Using the entries below, restate word for word only the lines from the one with "Atacante colombiano rejeita" to the final line, leaving the pictures out.

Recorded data

__________________________________________________

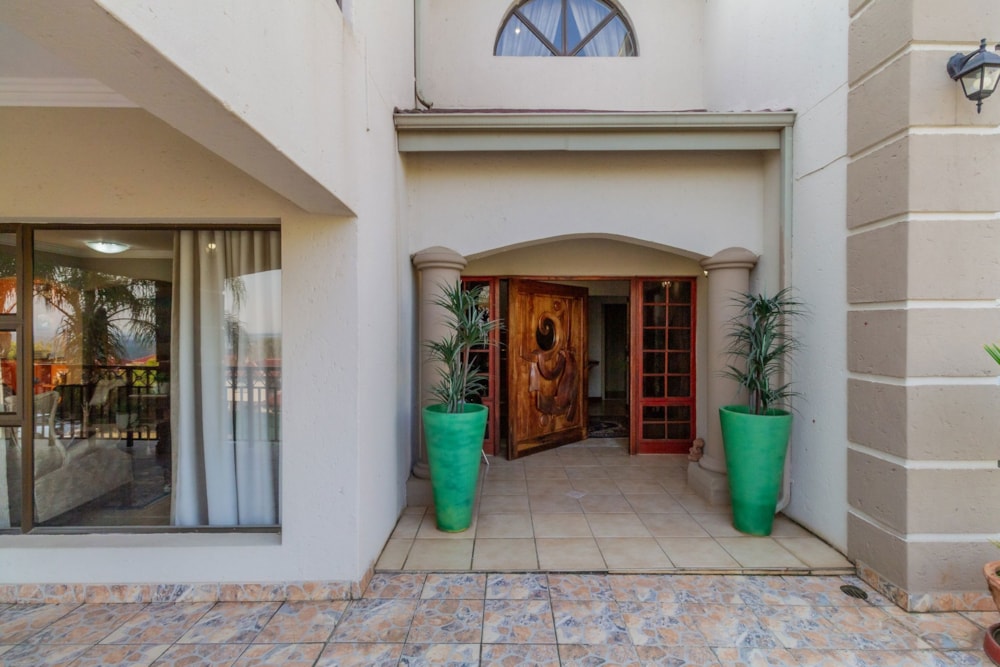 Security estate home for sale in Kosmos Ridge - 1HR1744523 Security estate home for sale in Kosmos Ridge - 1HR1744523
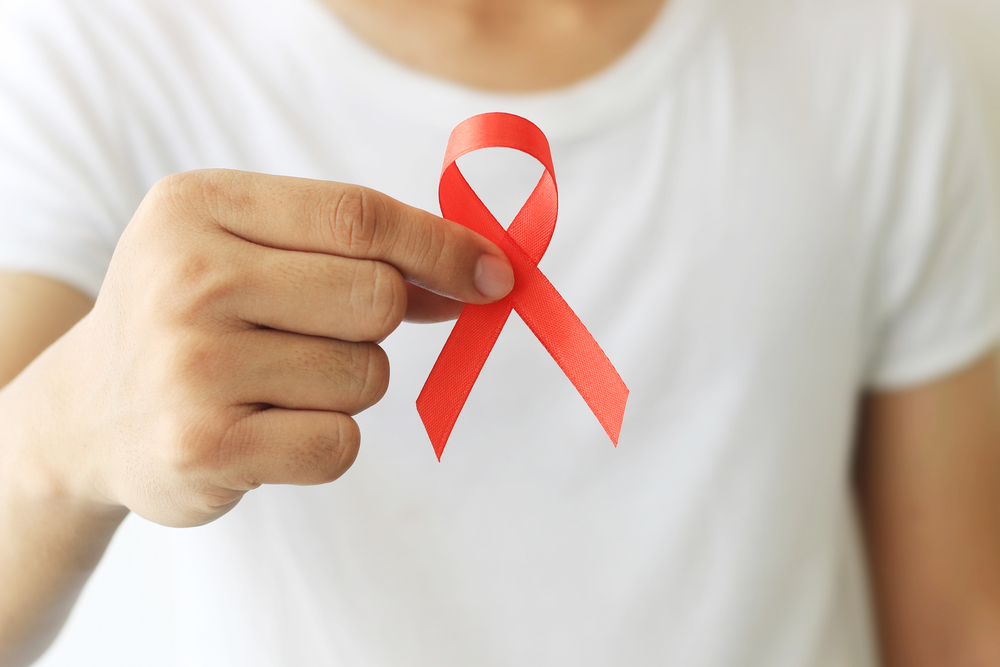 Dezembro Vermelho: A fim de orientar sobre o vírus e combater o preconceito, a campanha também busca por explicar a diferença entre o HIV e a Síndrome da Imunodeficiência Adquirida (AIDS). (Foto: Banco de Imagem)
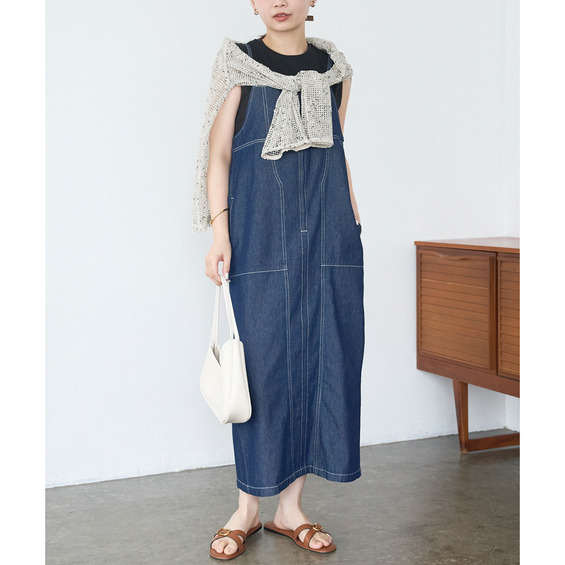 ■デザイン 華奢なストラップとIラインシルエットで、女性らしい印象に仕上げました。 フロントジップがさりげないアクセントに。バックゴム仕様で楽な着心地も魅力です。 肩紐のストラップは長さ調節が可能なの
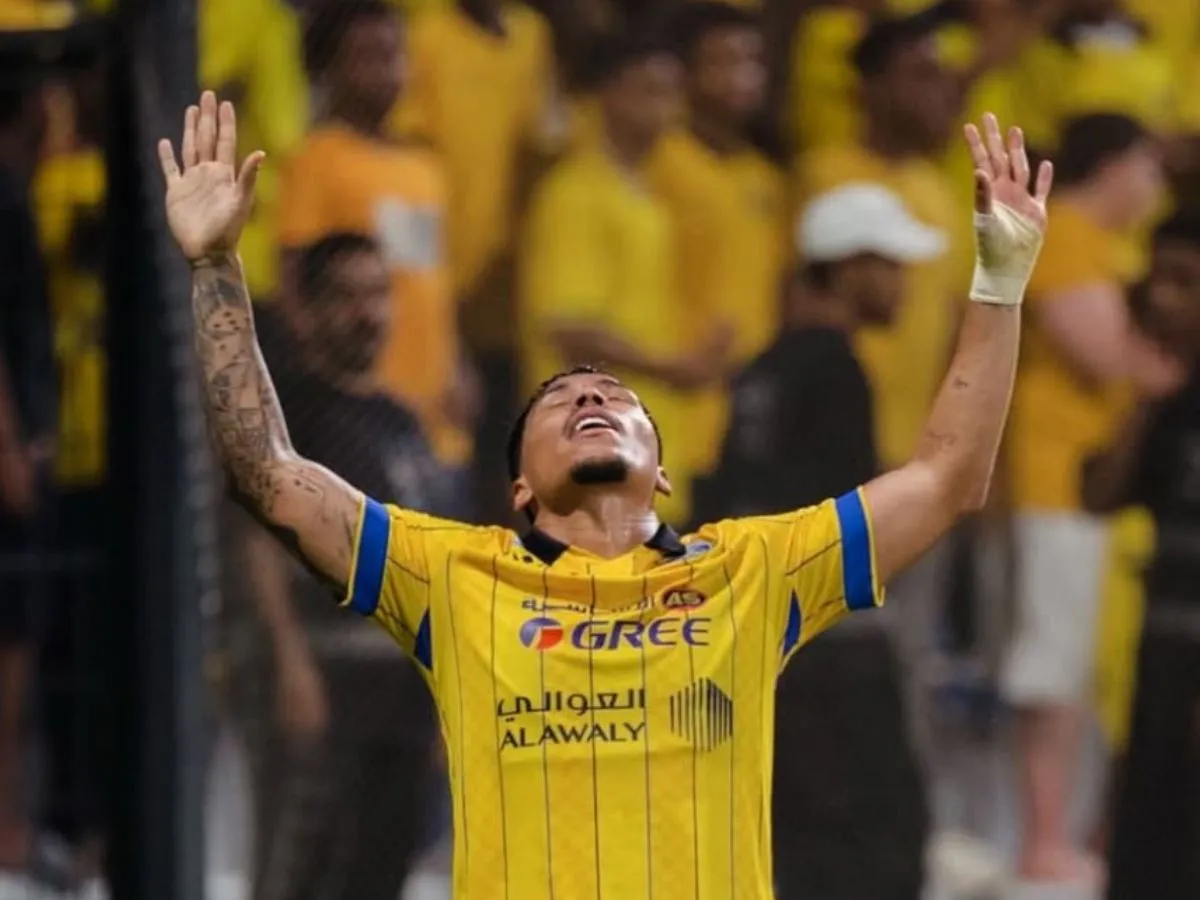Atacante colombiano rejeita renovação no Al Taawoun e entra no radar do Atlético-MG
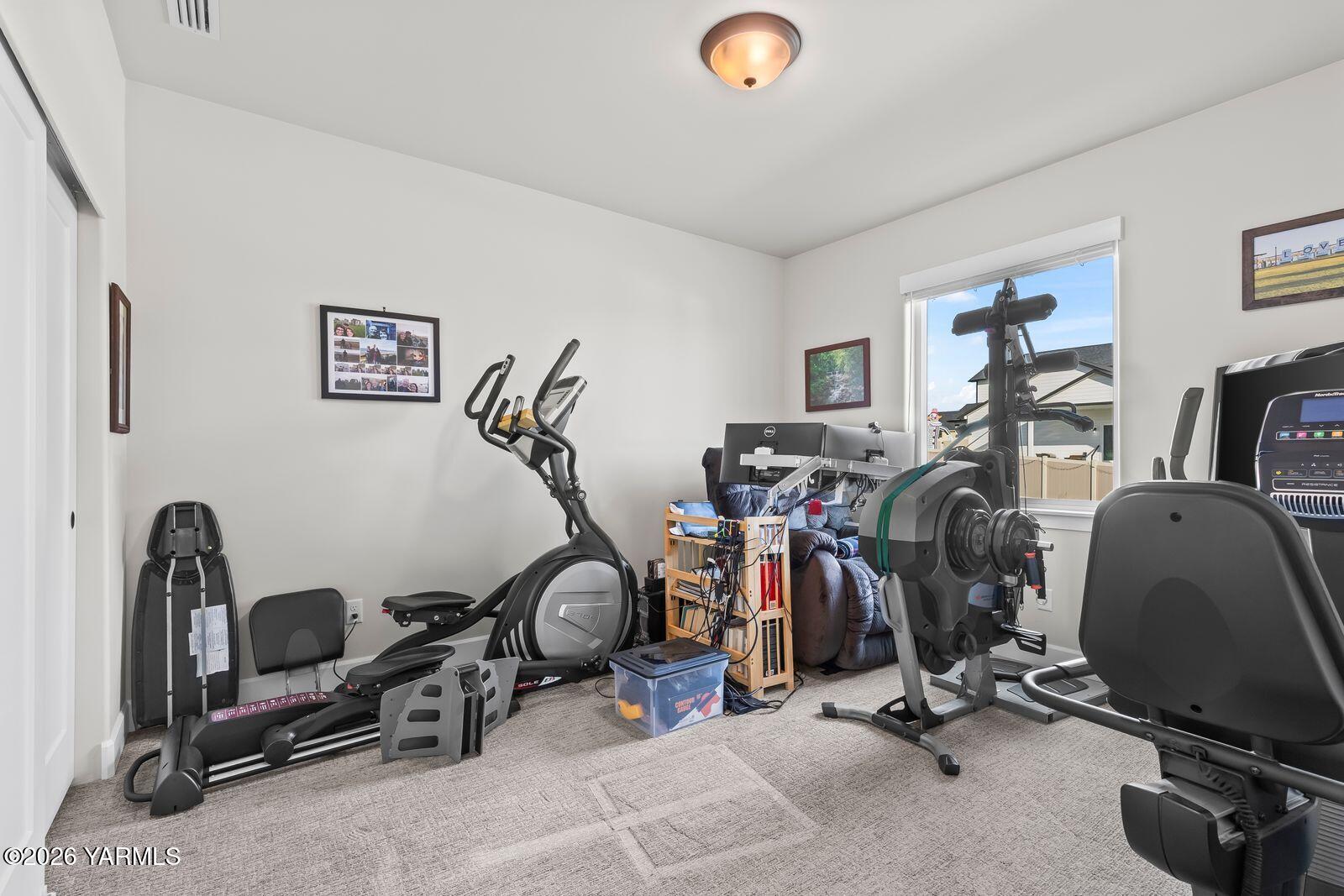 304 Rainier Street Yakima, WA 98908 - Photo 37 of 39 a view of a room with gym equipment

__________________________________________________

The answer —
Atacante colombiano rejeita renovação no Al Taawoun e entra no radar do Atlético-MG
 304 Rainier Street Yakima, WA 98908 - Photo 37 of 39 a view of a room with gym equipment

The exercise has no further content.